Stephen H. Balch is an American conservative scholar and higher education reformer. He was the founding president of the National Association of Scholars from 1987 to 2009.

==Early life and education==
Balch was born on January 31, 1944, into a Jewish family and grew up in Brooklyn, New York City. In 1979, he married Maria Schelz, and they have two children: Leah and Daniel.

Balch received a bachelor's degree, magna cum laude, from Brooklyn College, City University of New York, in 1964. He received his master's degree (1967) and Ph.D. (1972) in political science from the University of California, Berkeley, where his dissertation supervisor was Nelson W. Polsby. It was during the Berkeley riots that he became a conservative. He now identifies as a Republican.

==Career==
In his early career, Balch held numerous faculty positions. He was instructor of government at the University of San Francisco (1969–1970), acting instructor of political science at the University of California, Berkeley (1970–1971), instructor of political science at Rutgers University–New Brunswick (1971–1972), assistant professor of urban policy and programs at the Office of Urban Policy and Programs in the CUNY Graduate Center (1973–1974), assistant professor and later associate professor of government at John Jay College of Criminal Justice for fourteen years, during which he joined Midge Decter's Committee for the Free World and founded the Campus Coalition for Democracy in 1982.

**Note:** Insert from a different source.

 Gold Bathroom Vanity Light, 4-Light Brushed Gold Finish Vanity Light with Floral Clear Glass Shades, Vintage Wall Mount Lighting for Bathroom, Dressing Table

In 1987, Balch left his academic position and founded the National Association of Scholars (NAS), a membership organization of academic professionals opposed to political correctness in higher education. He served as president of the NAS for twenty-one years between 1987 and 2008, was founder and vice president of the American Academy for Liberal Education (an accrediting agency devoted to enriching content and enhancing the rigor of liberal education), was founder and director of the American Council of Trustees and Alumni (1994–2011), served on the board of trustees for Medaille College in Buffalo, New York (1997–2003), was director of the Philadelphia Society (2002–2006), chairman of the National Association of Scholars from 2009 to 2012, and is currently a member of its steering committee and board (2012–present). NAS now has about 3,000 academic members and forty-seven state affiliates.

Since 2010, Balch has been a board member of the Alexander Hamilton Institute for the Study of Western Civilization. In the fall of 2012, Balch founded the Institute for the Study of Western Civilization at Texas Tech University. He is chairman of the Association for the Study of Free Institutions (2014–present), member of the board of the Alliance for Liberal Learning (2015–present), president of the West Texas/Eastern New Mexico Phi Beta Kappa Association (2016–present), president of Lambda of Texas, Texas Tech University's Phi Beta Kappa Chapter, and member of the board of the American Academy for Liberal Education (2016–present).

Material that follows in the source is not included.